[[ SUPPLIED MATERIAL, beginning ]]
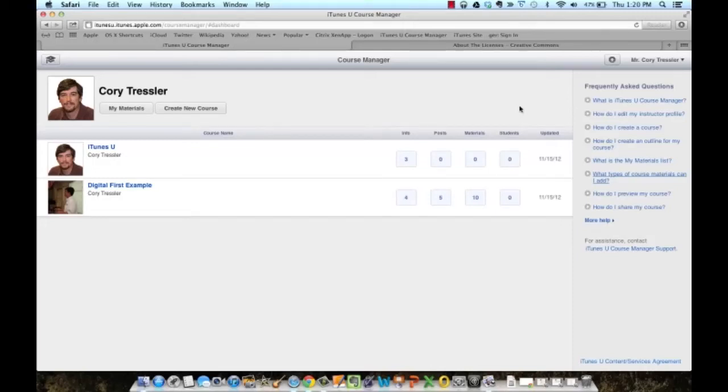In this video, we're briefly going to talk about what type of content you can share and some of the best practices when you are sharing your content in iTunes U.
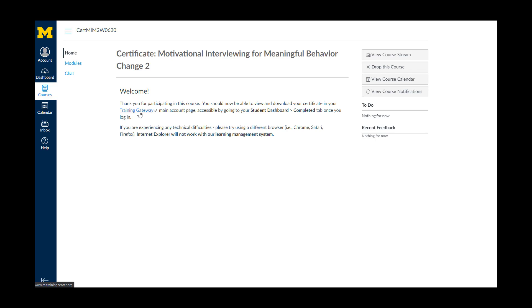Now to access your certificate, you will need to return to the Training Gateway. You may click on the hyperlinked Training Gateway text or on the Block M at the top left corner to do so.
[[ SUPPLIED MATERIAL, end ]]
[[ SUPPLIED MATERIAL, beginning ]]
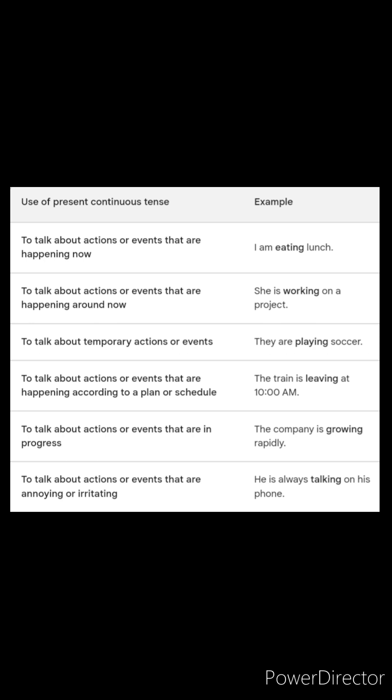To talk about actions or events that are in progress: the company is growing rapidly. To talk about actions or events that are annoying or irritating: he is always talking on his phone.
[[ SUPPLIED MATERIAL, end ]]
◆ **WORK REQUEST**: To complete this exercise, transcribe exactly the lines above from the one that holds "In this video, we're" through the one that holds "Now to access". Pictures stay out.

◆ **PROBLEM SOLUTION**:
In this video, we're briefly going to talk about what type of content you can share and some of the best practices when you are sharing your content in iTunes U.
Now to access your certificate, you will need to return to the Training Gateway. You may click on the hyperlinked Training Gateway text or on the Block M at the top left corner to do so.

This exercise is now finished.